SELECT * FROM DBA_TAB_PRIVS
WHERE OWNER = '테이블소유자명' ;
-- 또는,
SELECT * FROM DBA_TAB_PRIVS
WHERE GRANTEE = '권한부여자명' ;

1.5 TABLESPACE 사용권한

ALTER USER XXX QUOTA UNLIMITED ON TS_XXX_D01;


DDL 권한 : 기본적으로 CREATE TABLE 권한(1, 2번 SQL로 확인 가능)이 있으면,

-자기가 생성한 테이블에 대해서는ALTER, DROP, TRUNCATE 가능
타 사용자에 대한 테이블 생성 권한은 DBA_SYS_PRIVS에서 확인 가능(CREATE ANY TABLE)||

DML 권한 : 본인 소유의 테이블은 모든 작업 수행 가능

타인 소유의 테이블에 대한 작업 수행은 4번 SQL로 확인 가능

DCL 권한 : 본인 소유의 테이블에 대한 타 사용자에게의 GRANT는 항상 가능

타인 소유의 테이블에 대한 타 사용자에게의 GRANT 권한은,
해당 테이블에 대한 권한을 DBA_TAB_PRIVS.GRANTABLE 컬럼에 YES 로 받은 경우 가능

GRANT ANY OBJECT PRIVILEGE 시스템 권한(1, 2번 SQL로 확인 가능)을 가지고 있는 경우 타 사용자의 모든 객체에 대한 권한 부여 가능(DBA도 해당 권한이 있음)

1.6 TRUNCATE 권한

제공하는 System Privilege 중 ‘TRUNCATE TABLE’ Privilege라는 것은 따로 존재하지 않으며, Table을 Truncate하기 위해서는 ‘DROP TABLE’ Privilege가 있으면 가능.

1.6.1 TRUNCATE 프로시져

CREATE OR REPLACE PROCEDURE XXX_DBA.SP_TRUNC (pTable IN VARCHAR2, reuse IN VARCHAR2 DEFAULT 'N')
IS
cmd	VARCHAR2 (4000) := 'truncate table XXX.' || pTable; BEGIN
IF UPPER (pTable) IN (TB_RC_XXX, 'TB_CM_XXX') -- Truncate이 허용되는 테이블 목록
THEN
CASE
WHEN reuse = 'N' THEN
-- DROP STORAGE
cmd := cmd || ' DROP STORAGE'; 
WHEN reuse = 'Y'
THEN
-- REUSE STORAGE
cmd := cmd || ' REUSE STORAGE'; 
END CASE;
-- DBMS_OUTPUT.put_line (cmd); EXECUTE IMMEDIATE cmd;
ELSE
RAISE_APPLICATION_ERROR (-20101, 'Requested Table is not allowed truncate operation.');
END IF;
END SP_TRUNC;
/
  • TRUNCATE 옵션
  1. DROP STORAGE (디폴트) : 결과 테이블에 할당 된 익스텐트 수를 MINEXTENTS의 원래 설정으로 줄입니다.
해제 된 익스텐트는 시스템으로 리턴되어 다른 오브젝트에서 사용할 수 있습니다.
  1. DROP ALL STORAGE는 세그먼트 삭제.
TRUNCATE TABLE 문 외에도 DROP ALL STORAGE는 ALTER TABLE TRUNCATE (SUB) PARTITION 문에도 적용됩니다.
이 옵션은 또한 절단중인 파티션과 연관된 종속 오브젝트 세그먼트를 삭제합니다.
DROP ALL STORAGE는 클러스터에서 지원되지 않습니다.
  1. REUSE STORAGE : 기존 공간을 줄이지 않고 유지토록함.

1.7 시스템 권한

Privilege Description
ADMIN

Enables a user to perform administrative tasks including checkpointing, backups, migration, and user creation and deletion.

ALTER ANY CACHE GROUP
Enables a user to alter any cache group in the database.
ALTER ANY INDEX
Enables a user to alter any index in the database.

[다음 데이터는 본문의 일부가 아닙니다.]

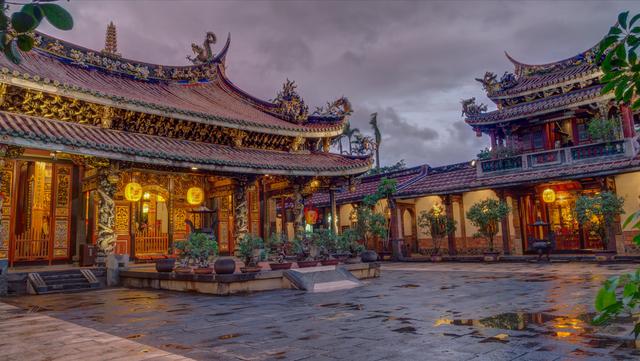 有系統(tǒng)的直播小說，帶系統(tǒng)的直播游戲類小說？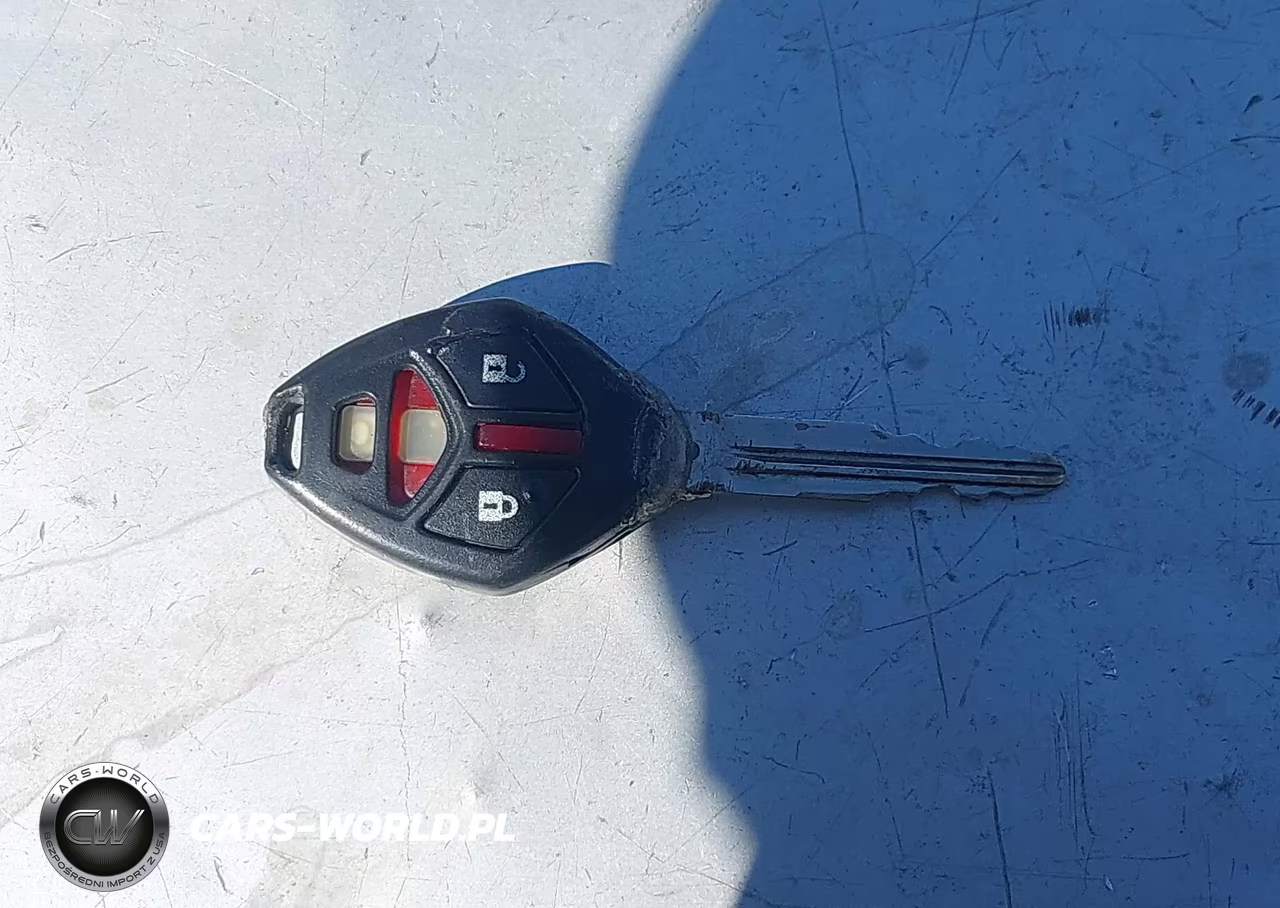 2012 Mitsubishi I-Miev Es-Se VIN:JA3215H18CU020380 - 11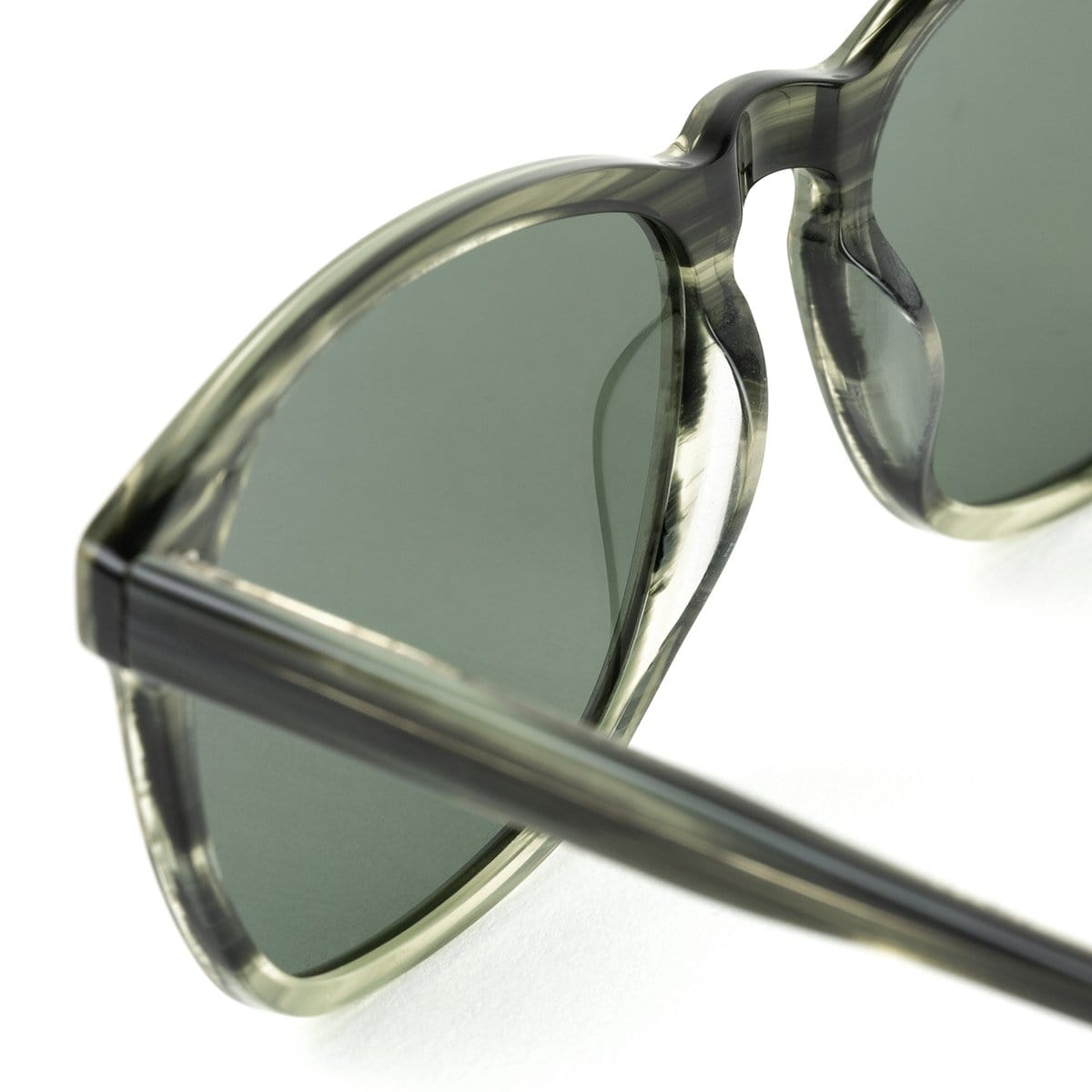 Sango - Sunglasses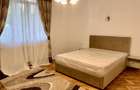 RECO Apartament spațios la casa, cu gradina si priveliste deosebita 83 mp - 6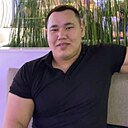 Знакомства: Романтик, 37 лет, Балхаш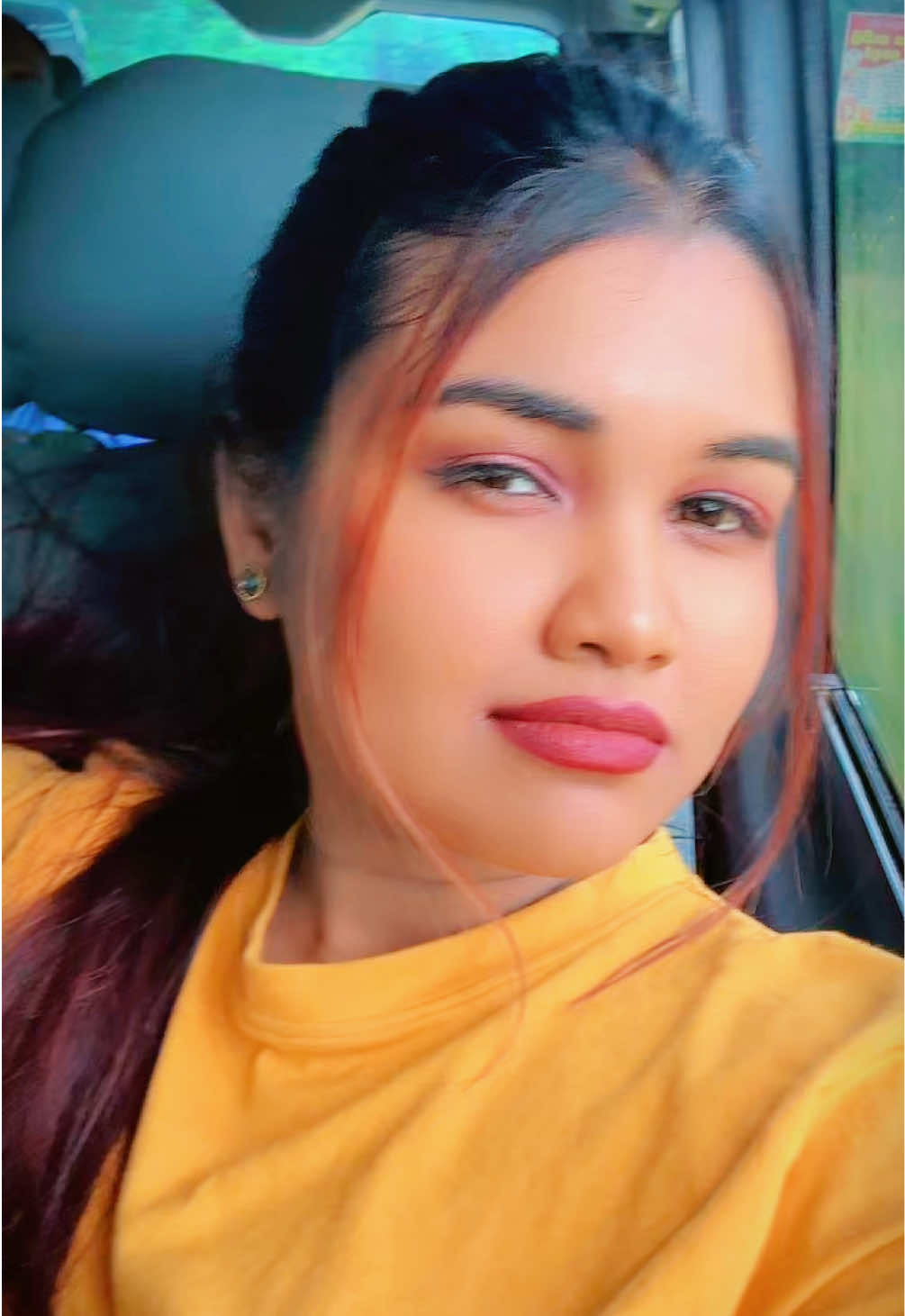 @Janani🌹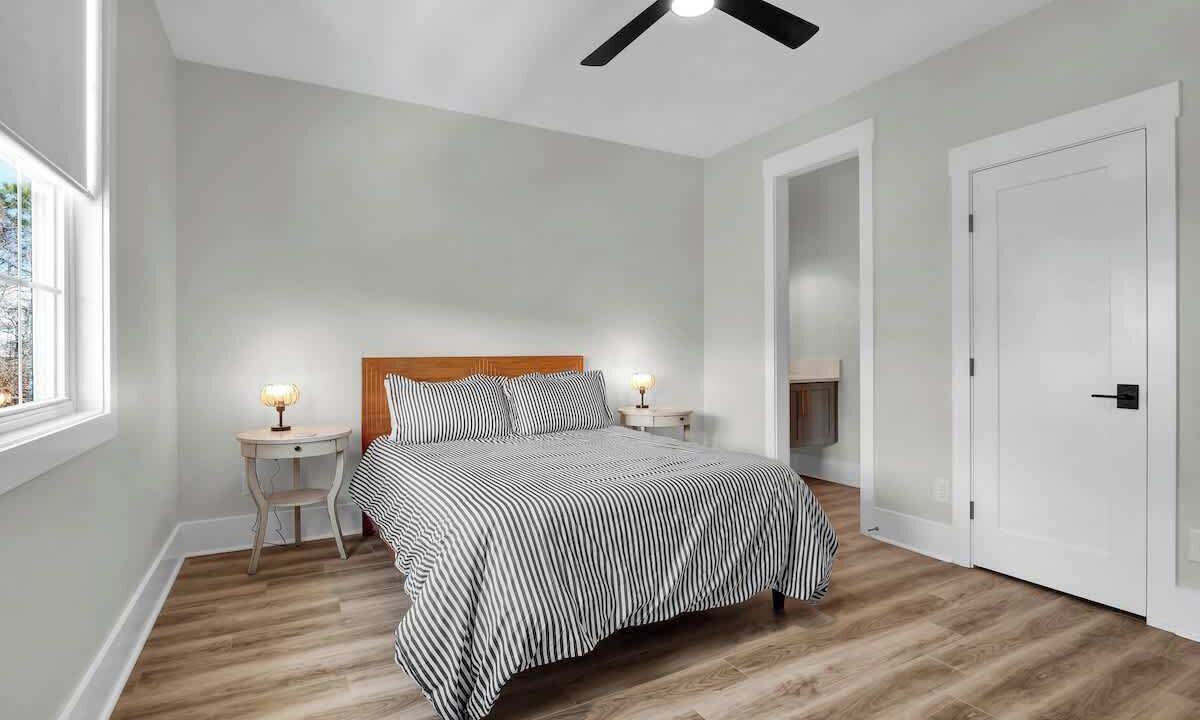Photo of Bedroom in Wilmington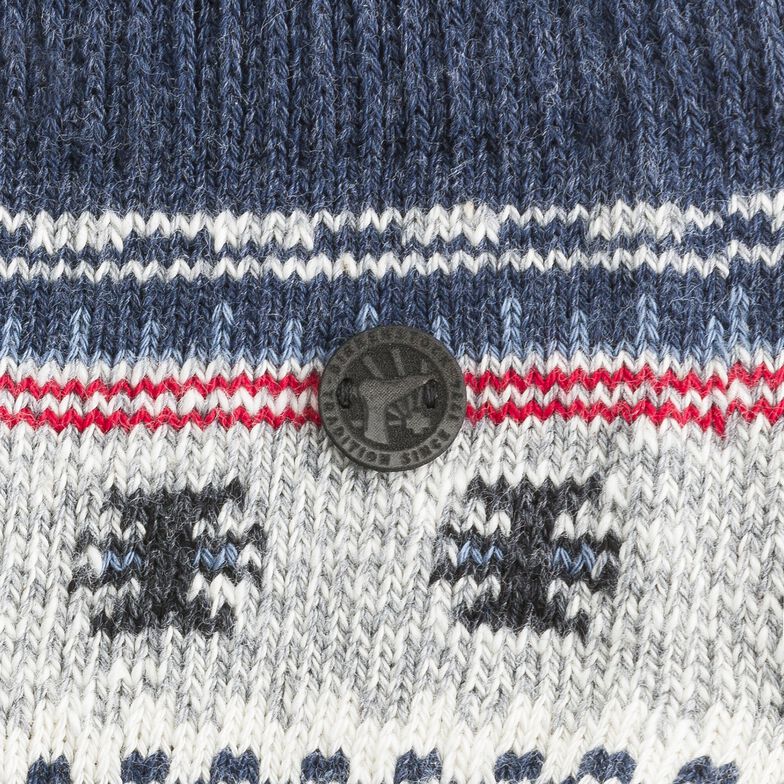 Cotton Cotton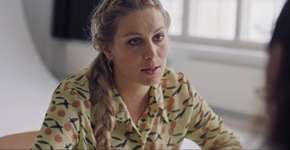 Experimento choca ao mostrar preconceito no mercado de trabalho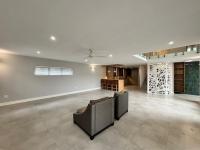  of property in Potchefstroom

Note: There is no ALTER INDEX statement.

ALTER ANY MATERIALIZED VIEW
Enables a user to alter any materialized view in the database.

Note: There is no ALTER MATERIALIZED VIEW statement.

ALTER ANY PROCEDURE
Enables a user to alter any PL/SQL procedure, function or package in the database.
ALTER ANY SEQUENCE
Enables a user to alter any sequence in the database.

Note: There is no ALTER SEQUENCE statement.

ALTER ANY TABLE
Enables a user to alter any table in the database.
ALTER ANY VIEW
Enables a user to alter any view in the database.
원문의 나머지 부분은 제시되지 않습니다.